> _Excerpted data_
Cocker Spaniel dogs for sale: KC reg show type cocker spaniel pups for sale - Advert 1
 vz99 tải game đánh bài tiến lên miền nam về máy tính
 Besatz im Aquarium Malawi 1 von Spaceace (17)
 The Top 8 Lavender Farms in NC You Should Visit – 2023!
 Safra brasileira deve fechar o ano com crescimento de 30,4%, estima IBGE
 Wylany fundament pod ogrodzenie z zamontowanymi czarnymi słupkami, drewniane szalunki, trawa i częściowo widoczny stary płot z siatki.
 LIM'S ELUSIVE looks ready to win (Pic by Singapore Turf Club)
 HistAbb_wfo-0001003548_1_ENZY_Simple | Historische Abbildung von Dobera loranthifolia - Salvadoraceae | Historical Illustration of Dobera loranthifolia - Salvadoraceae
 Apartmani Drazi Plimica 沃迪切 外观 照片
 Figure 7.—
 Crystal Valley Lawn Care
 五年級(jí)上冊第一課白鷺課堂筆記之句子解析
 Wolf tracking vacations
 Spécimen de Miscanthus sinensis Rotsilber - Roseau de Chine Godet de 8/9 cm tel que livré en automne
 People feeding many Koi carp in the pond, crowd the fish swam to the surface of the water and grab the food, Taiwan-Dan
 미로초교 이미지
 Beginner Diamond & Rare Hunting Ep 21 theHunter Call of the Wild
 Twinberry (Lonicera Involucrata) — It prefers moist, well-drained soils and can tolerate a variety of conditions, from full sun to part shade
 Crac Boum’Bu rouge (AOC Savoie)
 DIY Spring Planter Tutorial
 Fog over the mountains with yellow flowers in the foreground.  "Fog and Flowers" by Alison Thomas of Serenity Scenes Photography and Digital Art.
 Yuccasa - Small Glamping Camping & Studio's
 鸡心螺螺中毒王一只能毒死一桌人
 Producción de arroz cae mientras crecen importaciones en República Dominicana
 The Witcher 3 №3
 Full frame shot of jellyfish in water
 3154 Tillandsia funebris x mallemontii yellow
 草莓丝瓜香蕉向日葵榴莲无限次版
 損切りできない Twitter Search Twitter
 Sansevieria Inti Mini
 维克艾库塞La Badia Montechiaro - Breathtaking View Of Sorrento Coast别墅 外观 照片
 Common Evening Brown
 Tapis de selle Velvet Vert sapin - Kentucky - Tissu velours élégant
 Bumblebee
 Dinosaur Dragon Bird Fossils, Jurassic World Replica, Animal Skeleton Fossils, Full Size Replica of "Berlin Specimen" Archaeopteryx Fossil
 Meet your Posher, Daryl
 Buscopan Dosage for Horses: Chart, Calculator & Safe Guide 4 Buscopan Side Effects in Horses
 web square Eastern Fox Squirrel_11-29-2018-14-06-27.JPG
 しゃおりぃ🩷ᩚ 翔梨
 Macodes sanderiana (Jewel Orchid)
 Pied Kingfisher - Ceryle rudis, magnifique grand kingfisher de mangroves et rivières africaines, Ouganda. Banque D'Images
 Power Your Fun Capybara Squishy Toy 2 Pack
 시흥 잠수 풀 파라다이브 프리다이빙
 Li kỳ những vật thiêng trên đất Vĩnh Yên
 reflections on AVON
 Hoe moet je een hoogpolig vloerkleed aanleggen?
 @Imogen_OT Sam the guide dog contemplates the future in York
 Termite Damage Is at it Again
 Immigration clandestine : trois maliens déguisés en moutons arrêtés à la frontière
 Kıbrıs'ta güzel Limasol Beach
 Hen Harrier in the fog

> _Exercise_
Please return every line from the one that contains "시흥 잠수 풀 파라다이브 프리다이빙" through the end of the entries, exactly, leaving out all others.

> _Expected answer_
 시흥 잠수 풀 파라다이브 프리다이빙
 Li kỳ những vật thiêng trên đất Vĩnh Yên
 reflections on AVON
 Hoe moet je een hoogpolig vloerkleed aanleggen?
 @Imogen_OT Sam the guide dog contemplates the future in York
 Termite Damage Is at it Again
 Immigration clandestine : trois maliens déguisés en moutons arrêtés à la frontière
 Kıbrıs'ta güzel Limasol Beach
 Hen Harrier in the fog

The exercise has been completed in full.